Joseph Schesso's trial in Tacoma District Court has been on hold pending Wednesday's ruling by the federal appeals court on whether investigators over-reached in their 2010 search of the Vancouver, Wash., resident's home computer system.

Schesso's alleged activities came to light in 2008, after German investigators connected his IP address to an 18-minute child pornography video posted on the file-sharing site eDonkey.

Some 18 months later, detectives with the Vancouver Police Department and an agent with Immigration and Customs Enforcement (ICE) searched Schesso's home and seized his computer and other digital equipment.

Schesso admitted his interest in child pornography and said his collection included about 10,000 images, but later moved to suppress his statements along with all of the evidence collected from the search, including "six deleted sexually explicit images of a young girl, later identified as Schesso's niece," according to the ruling.

Schesso argued that the warrant had gone "stale" by the time it was served, and that it was overbroad and lacked the "precautionary search protocols" suggested in a concurring opinion to the 9th Circuit's 2010 ruling related to the MLB steroid scandals, United States v. Comprehensive Drug Testing, Inc. (CDT III).

U.S. District Judge Robert Bryan agreed to suppress the evidence and the statements, and the government moved for a stay and took the issue to the 9th Circuit.

A three-judge appeals panel unanimously reversed on Wednesday, finding nothing wrong with warrant that authorized an extensive search of Schesso's computer and other digital devices.
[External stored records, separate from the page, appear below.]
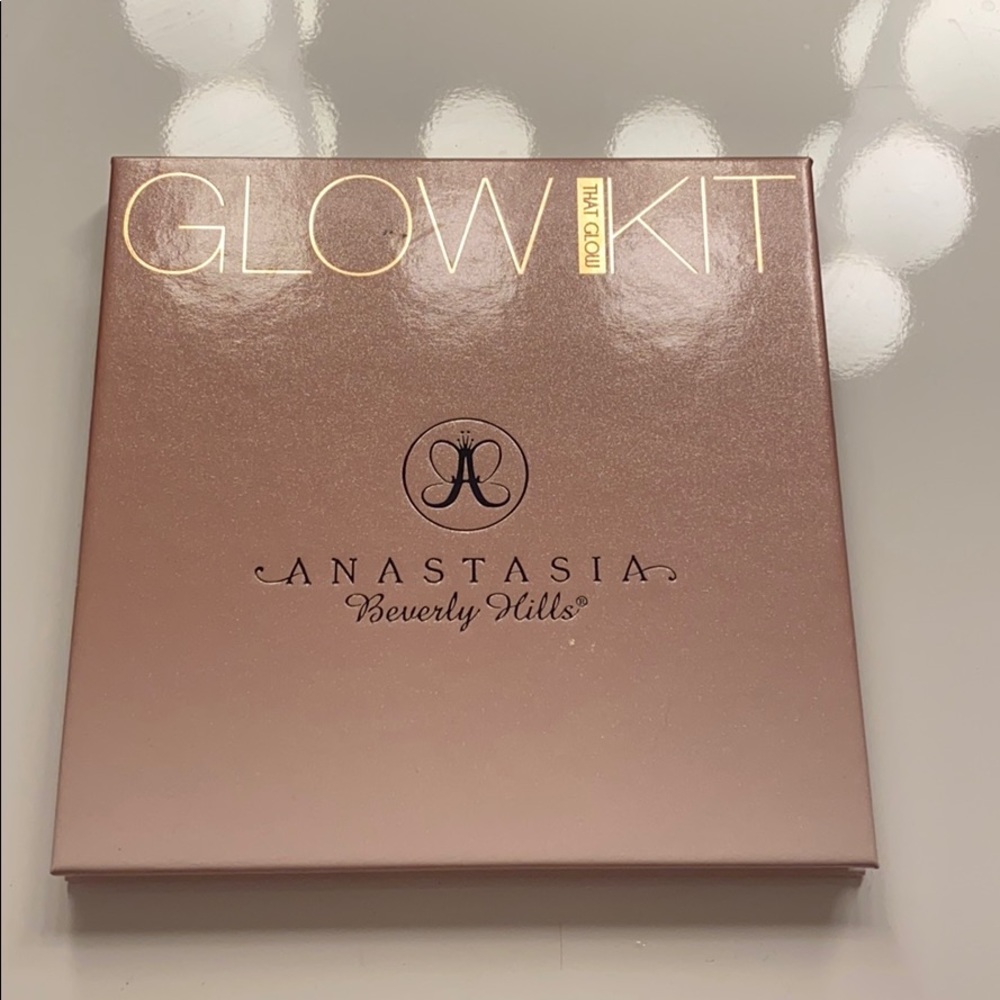 Anastasia Beverly Hills That Glow Kit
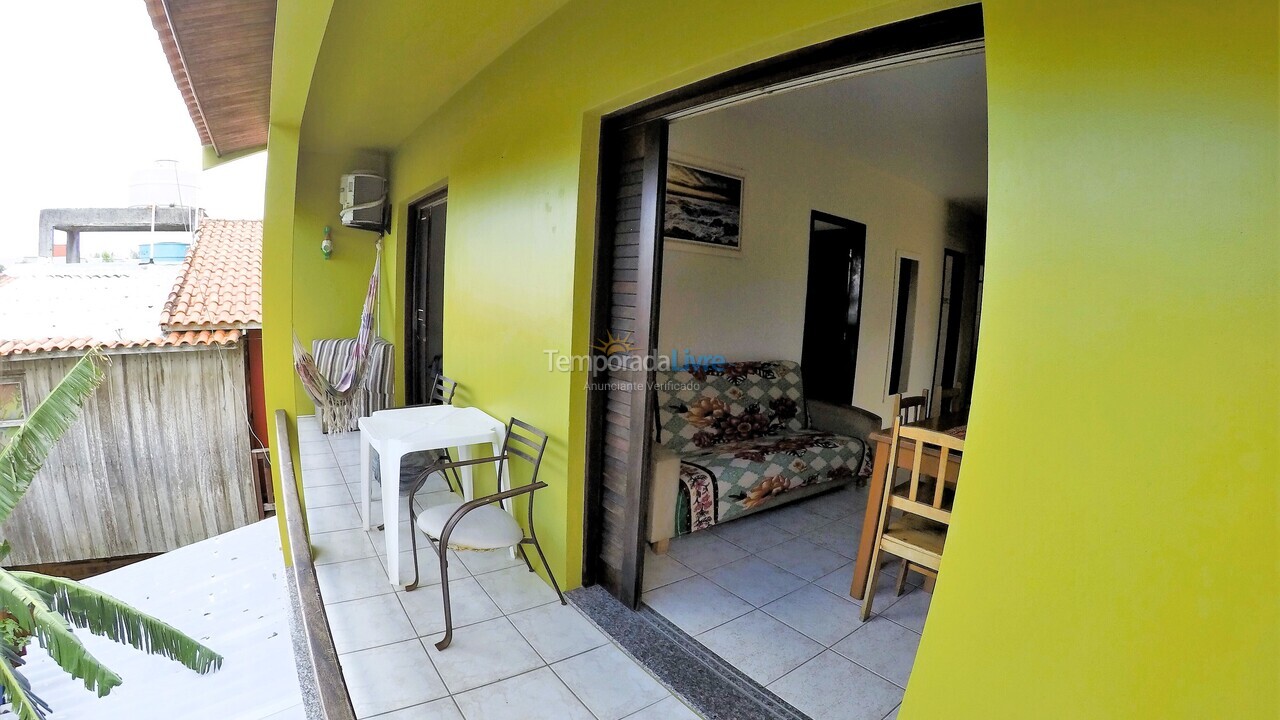 Apartment for vacation rental in Garopaba (Praia da Ferrugem)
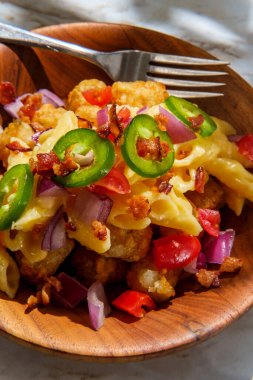 Pastırmalı kırmızı soğan domatesli peynirli makarna ve jalapeno dilimlenmiş domuz pastırması.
"Because there was a fair probability that the eDonkey video as well as other evidence of possession of and dealing in child pornography would be found on Schesso's digital equipment, the warrant was not overbroad," wrote Judge M. Margaret McKeown for the panel. "The government was faced with the challenge of searching for digital data that was not limited to a specific, known file or set of files. The government had no way of knowing which or how many illicit files there might be or where they might be stored, or of describing the items to be seized in a more precise manner. These factors, along with the detailed explanation of the need for off-site analysis and recovery, justify the seizure and subsequent off-premises search of Schesso's entire computer system and associated digital storage devices."

The panel further concluded that the protocols laid in CDT III are guidelines rather than "constitutional requirements."